[Brief descriptive captions]
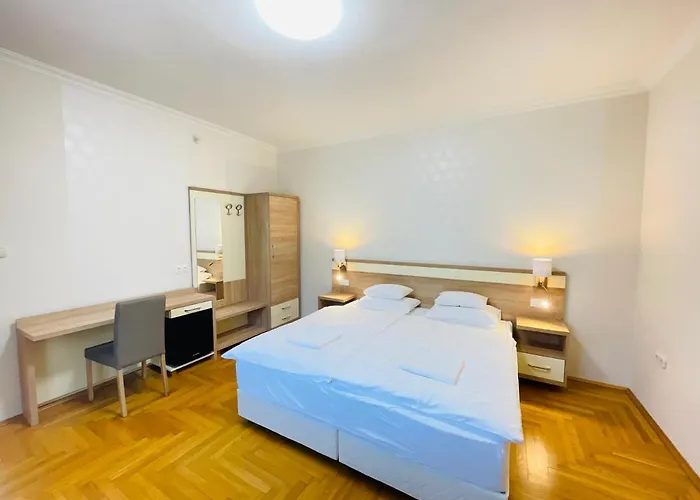 Mikes Deluxe バラトンフレド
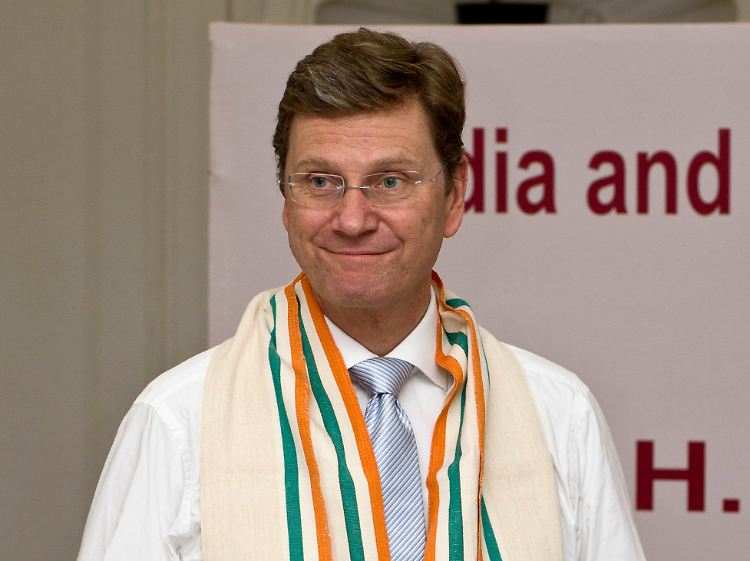 Außenminister Westerwelle kann auch im fernen Indien den schlechten Nachrichten für den Parteivorsitzenden Westerwelle kaum entfliehen.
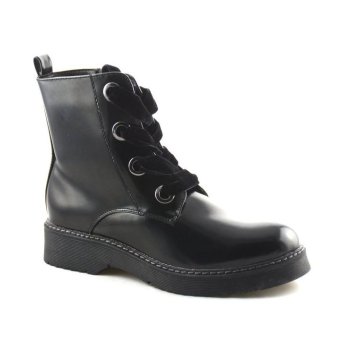 KHARISMA TRZEWIKI D.3229/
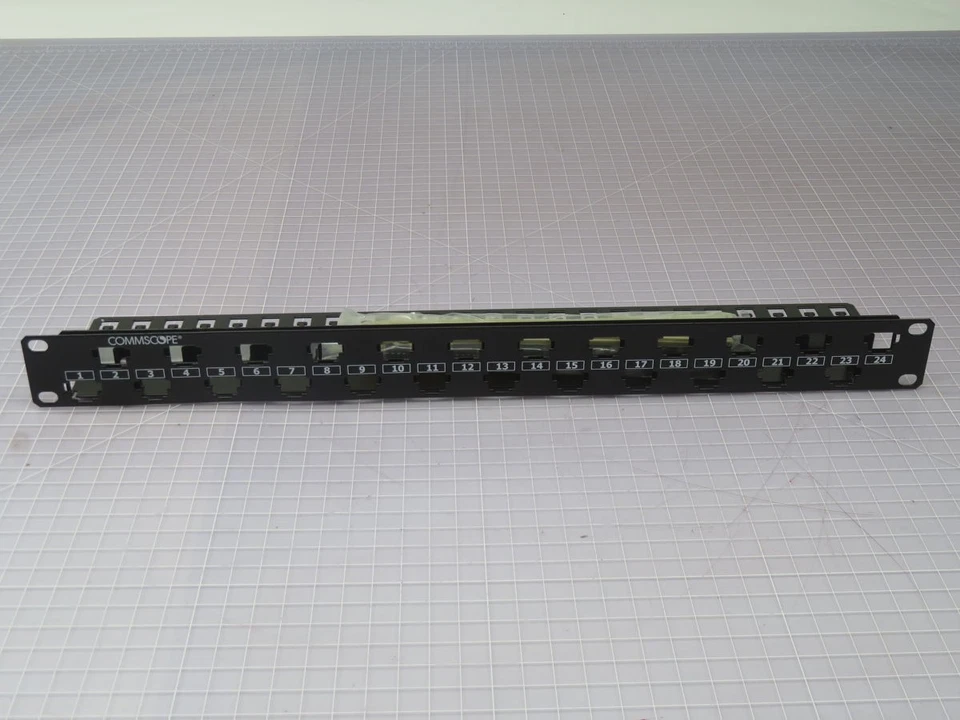 COMMSCOPE 108356312 DENSITY PATCH PANEL T264723 - Image 2 of 4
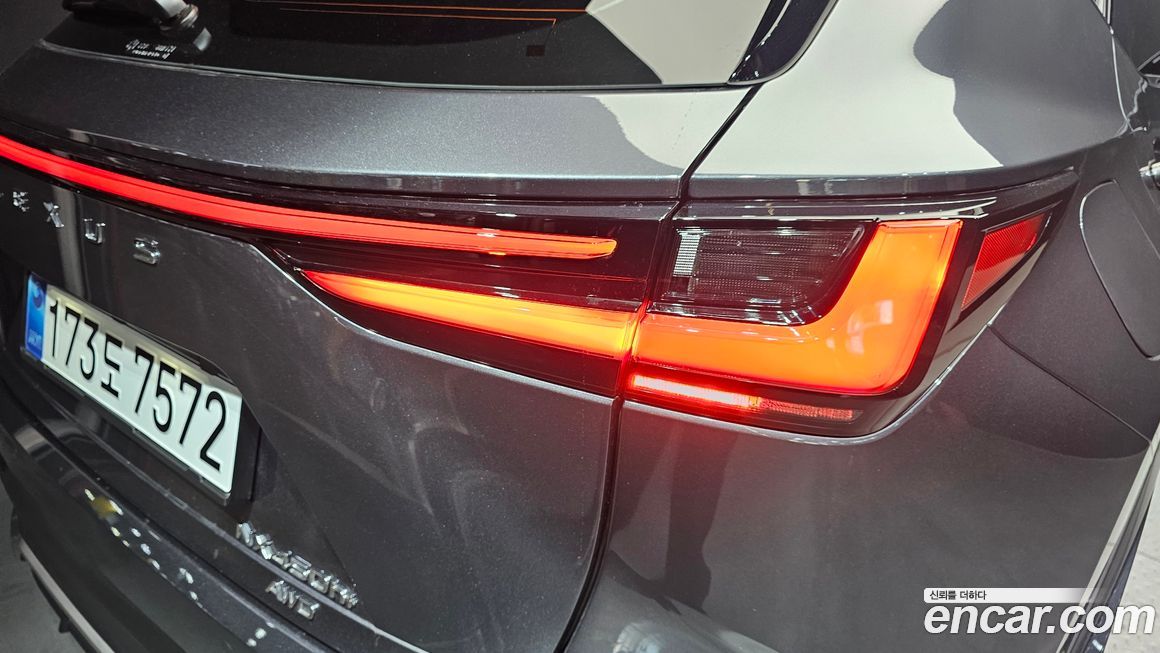 Lexus NX 2026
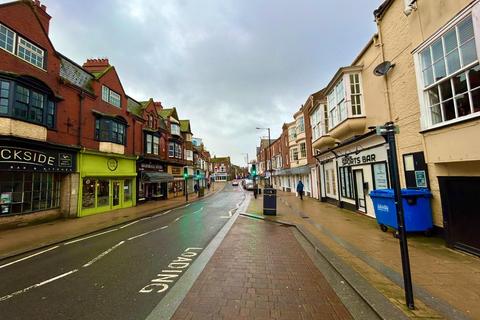 3 bedroom maisonette to rent, 3 Bed Maisonette Flat, Bridge Street, Bridlington, YO15 3AH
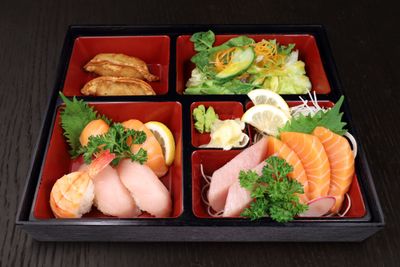 Sushi &amp; Sashimi Bento D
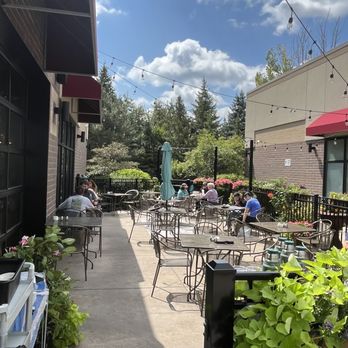 Hope Breakfast Bar - Eagan - Outdoor Patio area - Breakfast & Brunch Near Me - Eagan, Minnesota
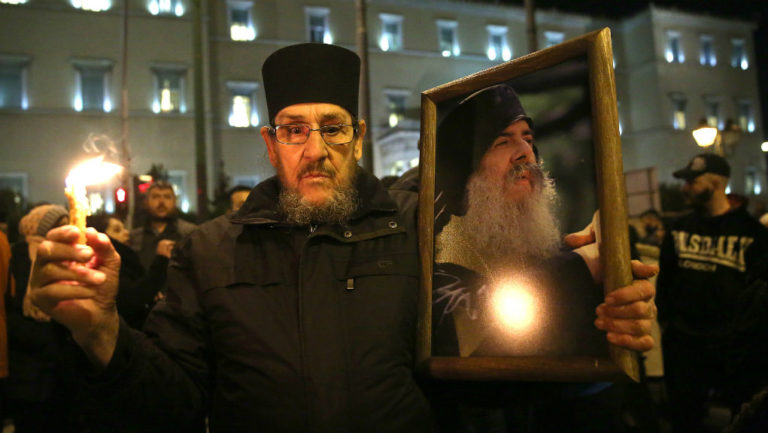 Συγκέντρωση διαμαρτυρίας με υποστηρικτές μοναχών της Μονής Εσφιγμένου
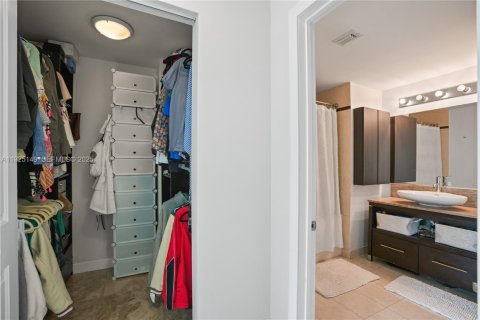 Condominio en alquiler en Miami, Florida, 2 dormitorios, 93.55 m2 № 1984119 - foto 18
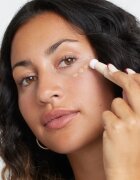 GOSH COPENHAGEN Bright'n Conceal élénkítő korrektor a szem alatti sötét karikákra árnyalat Adjusting Skin 12 ml
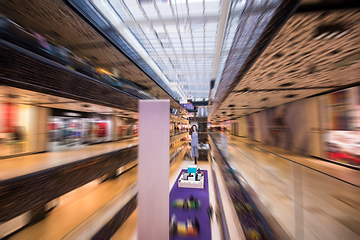 Image showing Abstract blur of beautiful luxury shopping mall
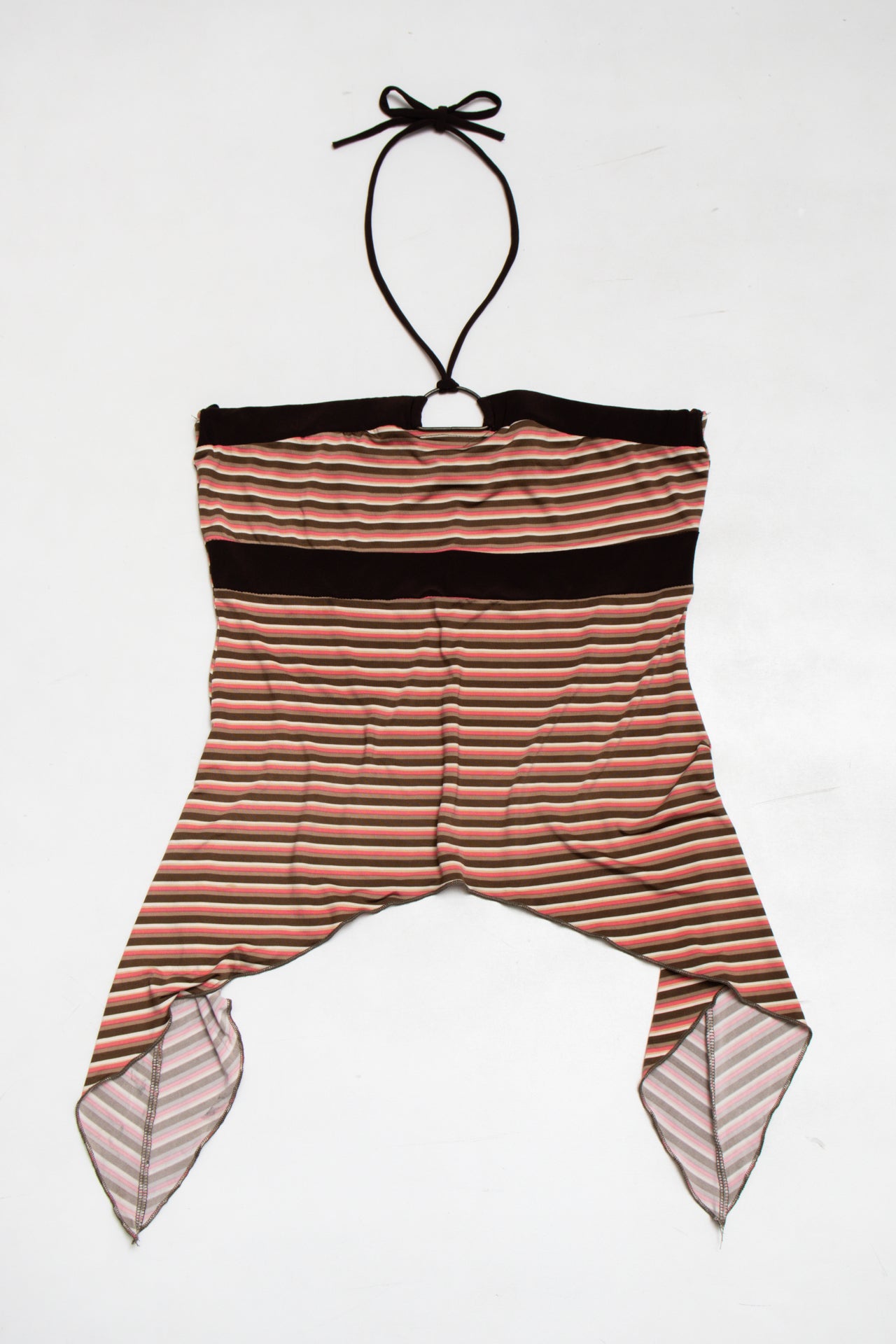 #213 Agaci-Too Y2K ring detail halter top | c. 165 | size 10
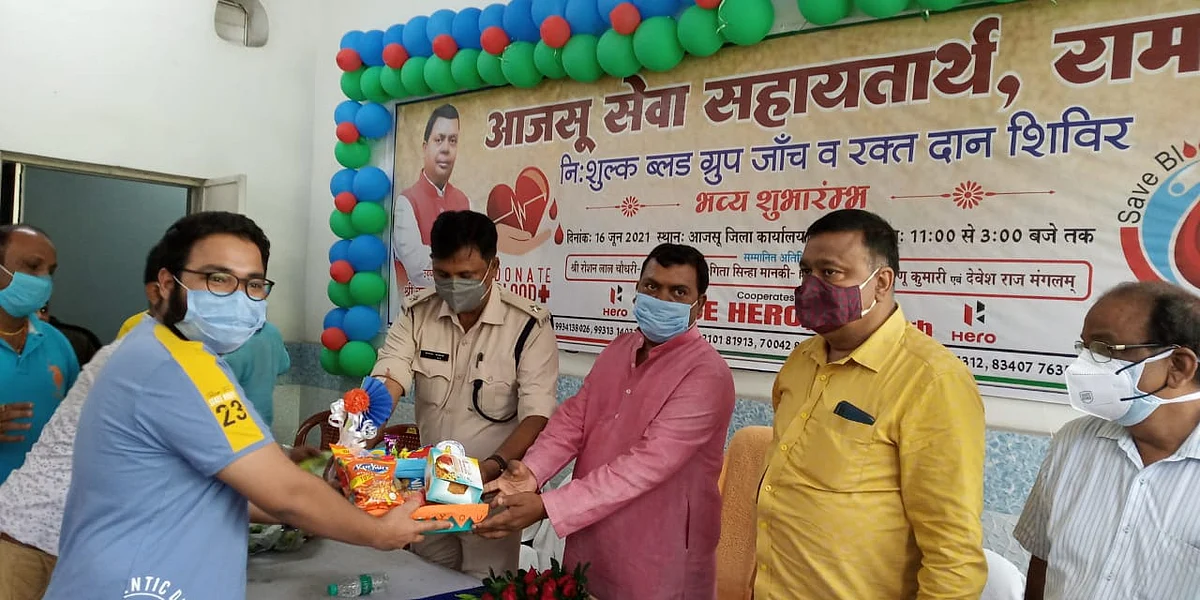 सांसद ने रक्तदान करने वालों को किया सम्मानित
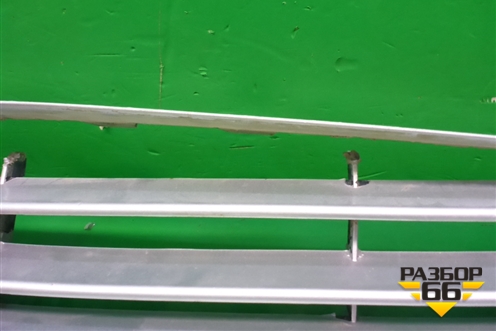 Решетка в передний бампер центральная (верхняя до 2007г) (7L5807683A) для Porsche Cayenne с 2003-2010г (Каен)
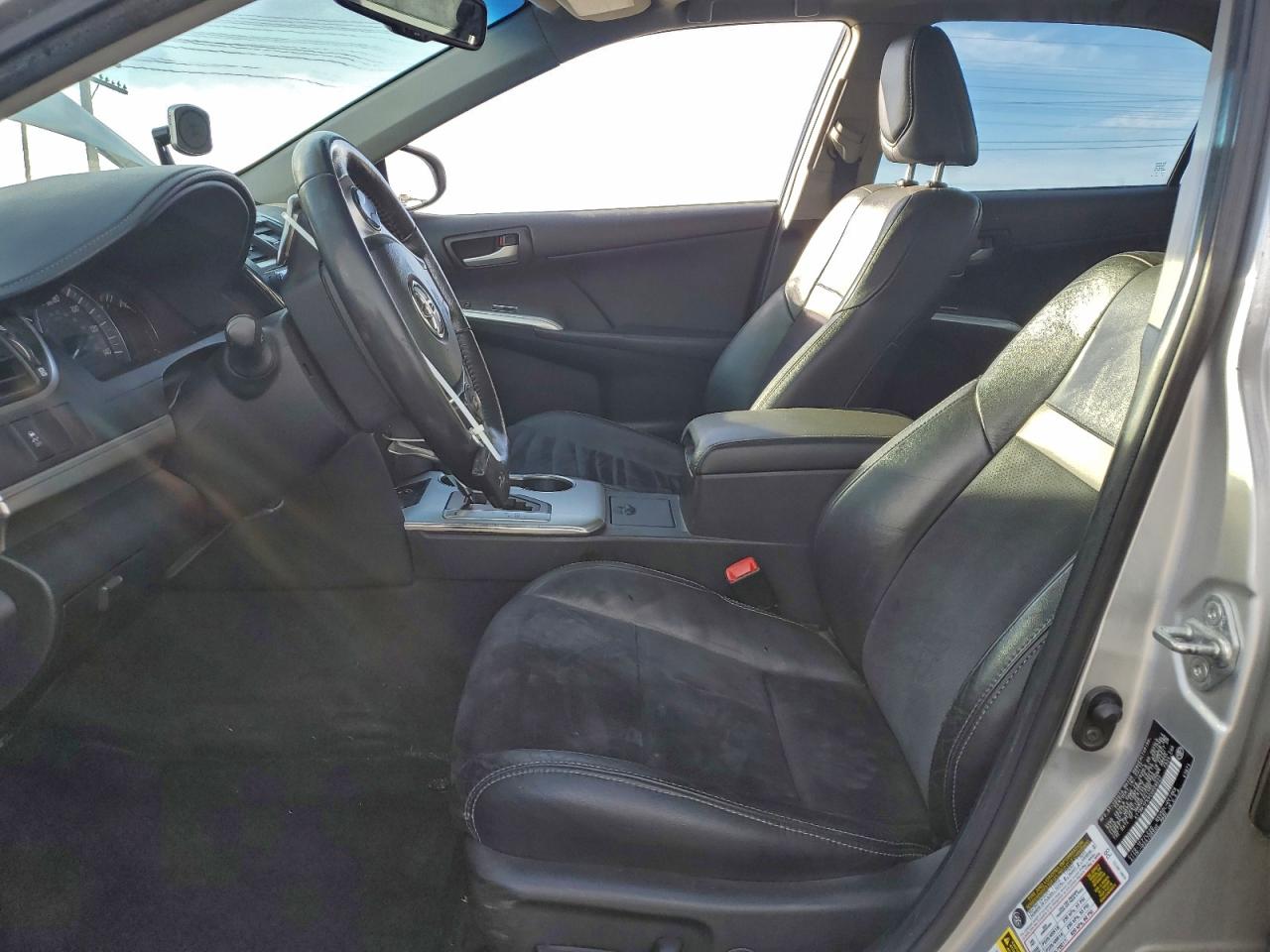 2012 TOYOTA CAMRY SE photo 7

◆ EXERCISE DESCRIPTION ◆
Leave the images aside and return the records above exactly as written.

◆ EXERCISE OUTPUT ◆
 Mikes Deluxe バラトンフレド
 Außenminister Westerwelle kann auch im fernen Indien den schlechten Nachrichten für den Parteivorsitzenden Westerwelle kaum entfliehen.
 KHARISMA TRZEWIKI D.3229/
 COMMSCOPE 108356312 DENSITY PATCH PANEL T264723 - Image 2 of 4
 Lexus NX 2026
 3 bedroom maisonette to rent, 3 Bed Maisonette Flat, Bridge Street, Bridlington, YO15 3AH
 Sushi &amp; Sashimi Bento D
 Hope Breakfast Bar - Eagan - Outdoor Patio area - Breakfast & Brunch Near Me - Eagan, Minnesota
 Συγκέντρωση διαμαρτυρίας με υποστηρικτές μοναχών της Μονής Εσφιγμένου
 Condominio en alquiler en Miami, Florida, 2 dormitorios, 93.55 m2 № 1984119 - foto 18
 GOSH COPENHAGEN Bright'n Conceal élénkítő korrektor a szem alatti sötét karikákra árnyalat Adjusting Skin 12 ml
 Image showing Abstract blur of beautiful luxury shopping mall
 #213 Agaci-Too Y2K ring detail halter top | c. 165 | size 10
 सांसद ने रक्तदान करने वालों को किया सम्मानित
 Решетка в передний бампер центральная (верхняя до 2007г) (7L5807683A) для Porsche Cayenne с 2003-2010г (Каен)
 2012 TOYOTA CAMRY SE photo 7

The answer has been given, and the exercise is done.